Reference to the Authorised Version has brought me, by something more than a pun, to another indispensable attribute of religious and ritual language—authority. When words are to do something, to bring something into existence which was not there before, they must be the right words, their secret lies in the rightness: out of all the possible selections and combination, one only is efficacious. Not for nothing do we pray, in the B.C.P. of course, that bishops and curates may ‘rightly and duly administer thy holy sacraments’—‘rightly and duly’, rite et debite, the condition of success in all collective religious action.

Until the synodical revolution of the Worship and Doctrine Measure 1874, the language of the Book of Common Prayer was distinguished by being uniquely authoritative, established and fixed by the Crown in Parliament, the supreme source of authority in this realm. This authoritative fixity of the wording not only, as I have mentioned already, ‘held the ring’ as it were during the long period of supercharging while what was new became traditional and what was once contemporary became archaic. It also liberated meaning; for if words and formulae are fixed, change must express itself in interpretation. The Tractarians were doubly right when they acclaimed the Book of Common Prayer as the proof of the catholicism of the Anglican Church: right because the words and formulae, being themselves impregnable, were susceptible of an interpretation which bridged the gulf of the Reformation; and right because the essential mark of catholicism, uniformity imposed by universal authority, was placed upon it by the untrammeled imperium of the English nation state. Without the authoritative fixity of its liturgy, the unique comprehensiveness and broadmindedness of the Church of England would not have been possible. For where formulation can be altered, differences of interpretation cannot be tolerated: that is the logic which the long fissiparous history of the dissenting sects has demonstrated ad nauseam. The freedom of the Anglican to say ‘I conform because it is commanded’ is not unworthy to stand beside the freedom of Tertullian to say ‘it is certain because it is impossible’.

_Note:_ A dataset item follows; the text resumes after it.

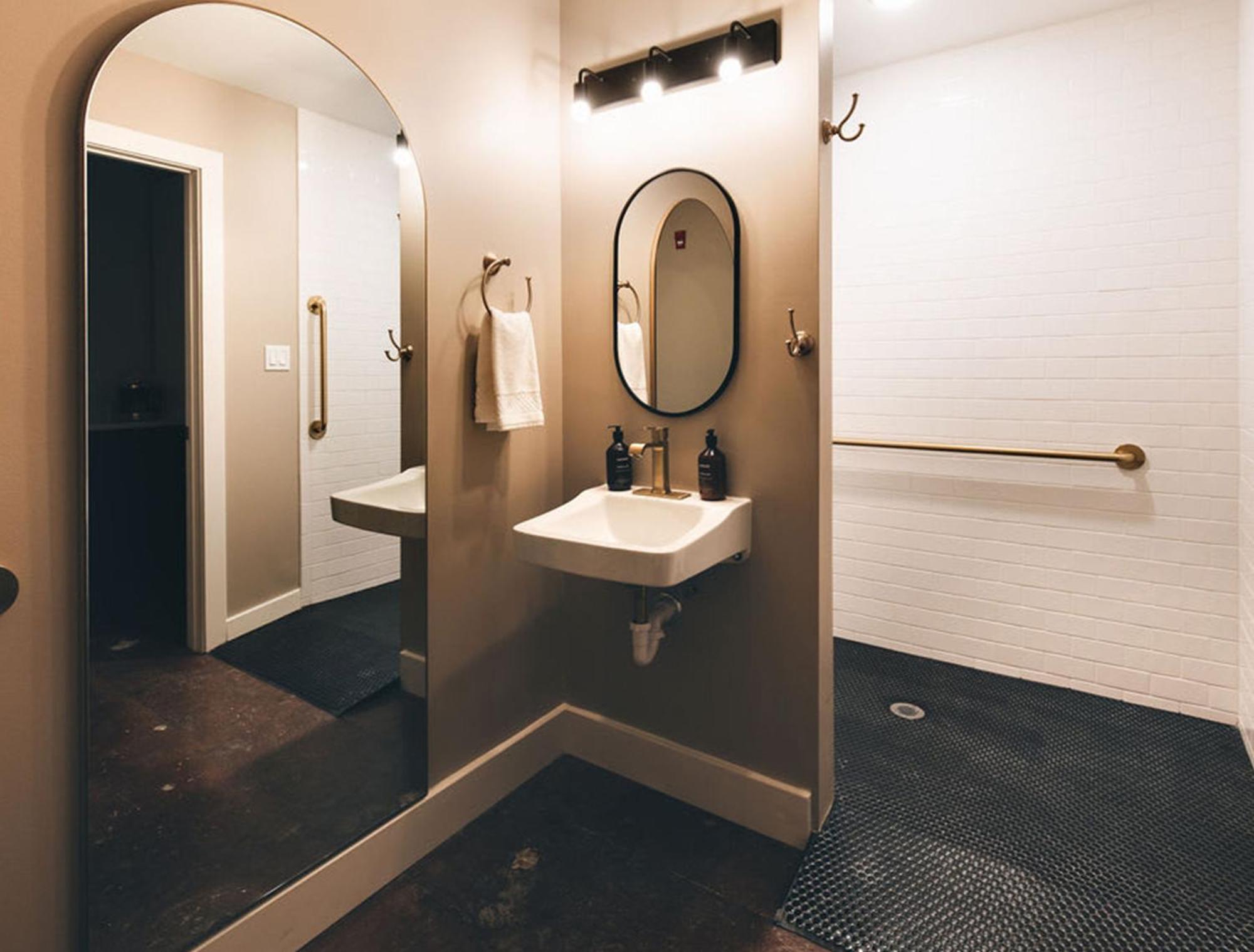 The Bellwether Hotel Louisville Bagian luar foto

The cause of the Book of Common Prayer is not a literary or an aesthetic cause: it is a religious cause. It lies athwart the religious dilemma of our society, a society not emancipated from the necessities, including the religious necessities, of all human societies, but a society where the intellectual and emotional scaffolding of religious observance has been dismantled, not least by the very caste which is specialized in society for sustaining, commending and interpreting it. The deliberate attack upon the Book of Common Prayer which the last decade has witnessed is a conscious and integral part of that dismantling process—inevitably so, because the Anglican Church and its liturgical heritage survive, almost alone since the ravaging of the Roman Church, as living evidence of essential elements in religious experience and expression. I suspect that we who maintain the Book of Common Prayer are fighting in a wider warfare than we can know.